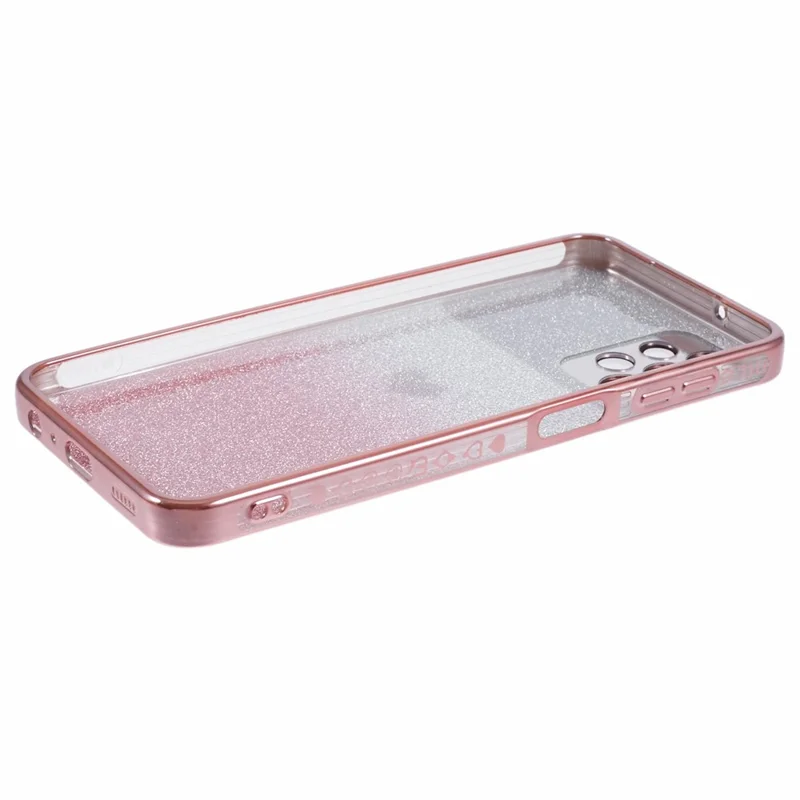 For Samsung Galaxy A13 4G Case Gradient Glitter TPU Phone Cover Love Heart Pattern - Pink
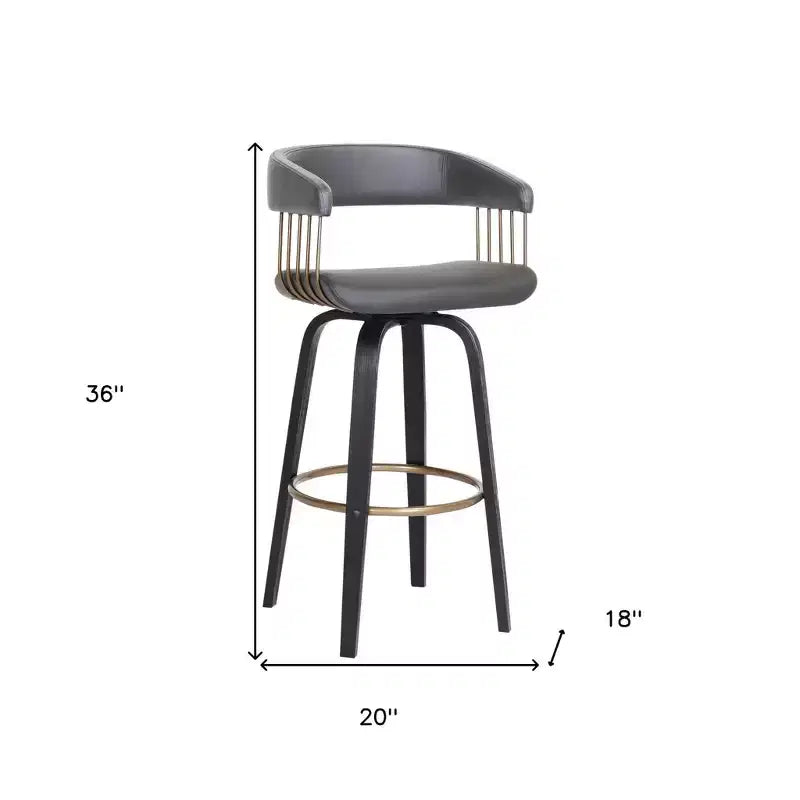 Chaise de bar pivotante en similicuir gris et noir, hauteur comptoir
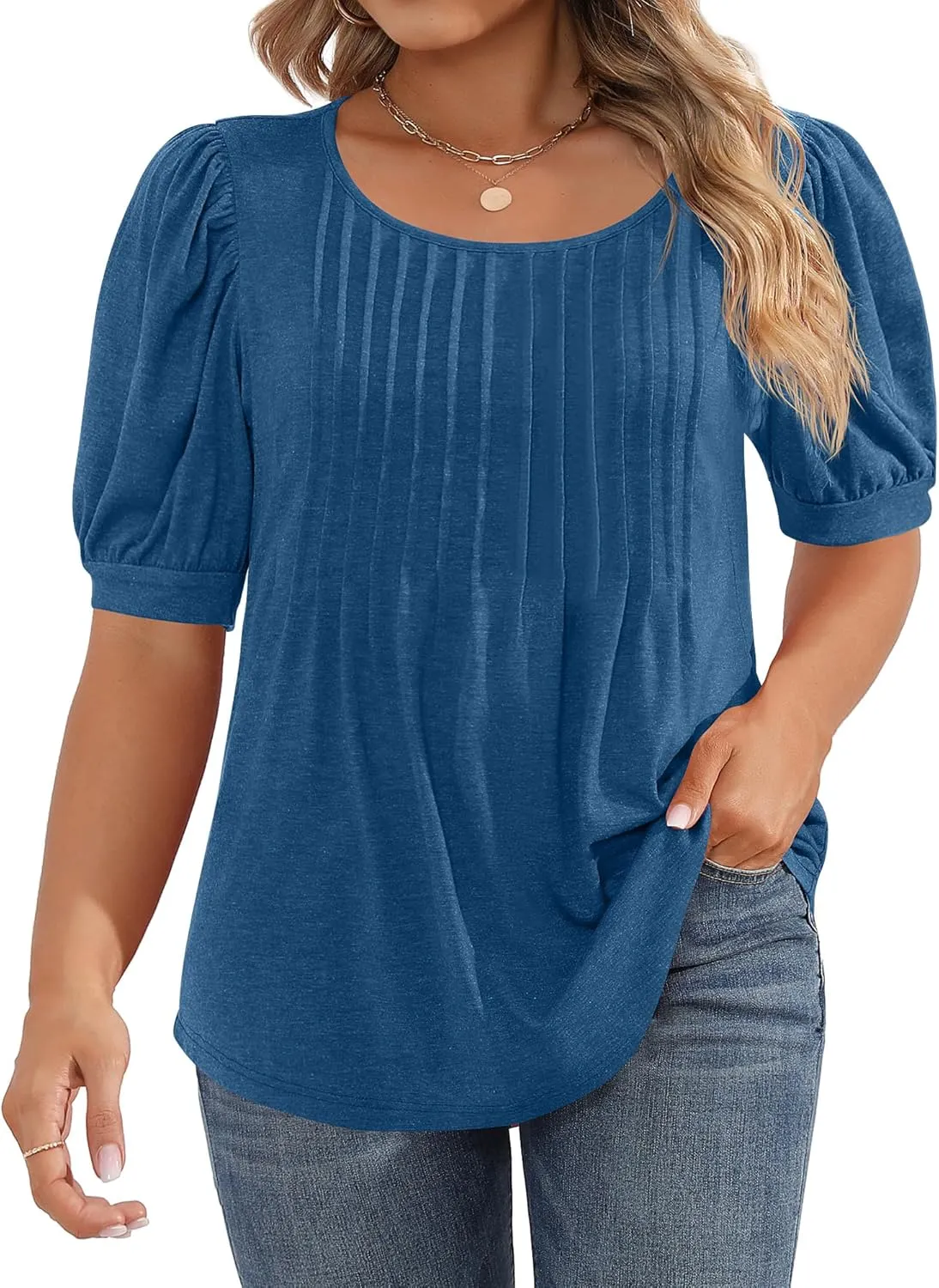 Ficerd Women's Plus Size Puff Short Sleeve Tunic Tops Crew Neck Pleated Blouses Summer Casual T Shirt Blouse 1X-5X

### Prompt
Could you reproduce the data above exactly, without its pictures?

### Final answer
 For Samsung Galaxy A13 4G Case Gradient Glitter TPU Phone Cover Love Heart Pattern - Pink
 Chaise de bar pivotante en similicuir gris et noir, hauteur comptoir
 Ficerd Women's Plus Size Puff Short Sleeve Tunic Tops Crew Neck Pleated Blouses Summer Casual T Shirt Blouse 1X-5X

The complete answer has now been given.